The bill is really an amendment of the 1938 Act, which I have before me. There are one or two points which I consider call for comment, criticism, and opposition by honorable members who sit on this side of the House; because I believe that the precedent that is to be established in the constitution of this board will be followed in the constitution of other rural industry boards. In a very substantial degree, this bill follows the lines that were laid down in the bill which provided for the constitution of the Australian Wheat Board. Certain principles have been followed, two of which I shall mention specifically. One of them is that the chairman of the board is to be appointed expressly by the Minister. That procedure was followed in connexion with the constitution of the Australian Wheat Board. By what authority, other than the weight of numbers on the government benches, by what moral right, by what pretence that the growers are having conferred upon them means for organizing their own industry, does the Minister filch from them the right to nominate their own chairman?
– The party to which the honorable member belongs adopted the -same procedure.
– I am glad of that interjection. Section 7 of the 1938 act makes this provision -
At the first meeting of the Board, which shall be held at a time and place notified by the Minister in the Gazette, the Board shall appoint one of its members to be the Chairman of the Board.
– I am referring to the Australian Wheat Board.
– I am speaking of the Apple and Pear Board. Clause 7 reads -
Section 7 of the principal act is repealed and the following section inserted in its stead : - “7. - (1.) The Government representative shall be the Chairman of the Board.

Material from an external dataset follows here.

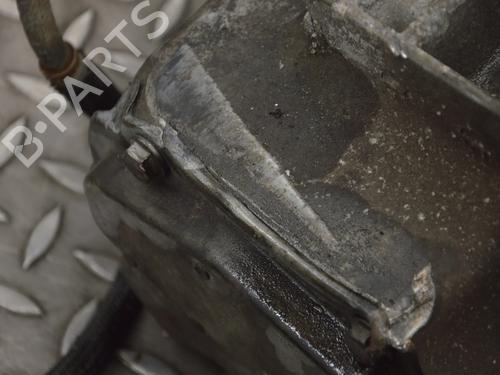 Gearbox PEUGEOT RCZ 1.6 16V | BP36043645M3  - Image 6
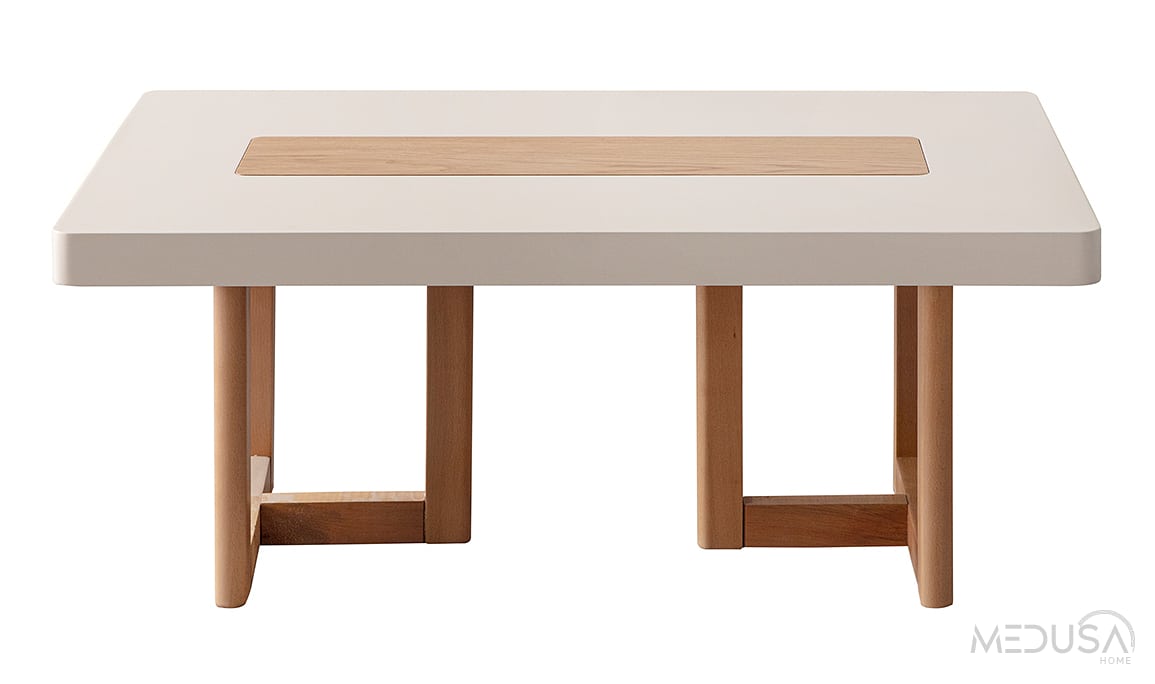 Medusa Home Mobilya - Tuana Orta Sehpa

The original act provided that the board should appoint one of its members to -be chairman, but under this bill the members of the board will have no choice; the Government representative will be the chairman. The effect will be that the authority of the board will really he vested in the chairman who will be the nominee of the Minister. Clause 12 will amend section 13 of the principal act which provided, in sub-clause 1 (e), that the board may, either on its own behalf or in collaboration with any other board or authority, do certain things in connexion with the industry, such as establish new markets or organize the industry to provide for the better distribution of apples and pears. In future the board may do certain things subject to any direction from the Minister. In other words, the bill provides for the political control of the board. About six months ago the electors of the Commonwealth, including the growers of apples and pears, were asked to confer additional powers on the Commonwealth Parliament so that primary industries could be better organized. Apparently what the Government had in mind was a form of organization such as that proposed in this measure. The Government wants as chairman a person like Sir Louis Bussau, who, during the election campaign, travelled extensively throughout the Commonwealth and made statements which were afterwards proved to be not in accordance with facts. It wants a chairman who will do the will of any Minister so long as he is allowed to remain in his position and be paid £2,000 or £3,000 a year.
– That is a foul statement, made under cover of parliamentary privilege.
– It is a statement which cannot he contradicted. During the election campaign Sir Louis Bussau made statements designed to cover up the nefarious wheat deal with New Zealand.
– Order ! I shall not allow a full discussion on wheat.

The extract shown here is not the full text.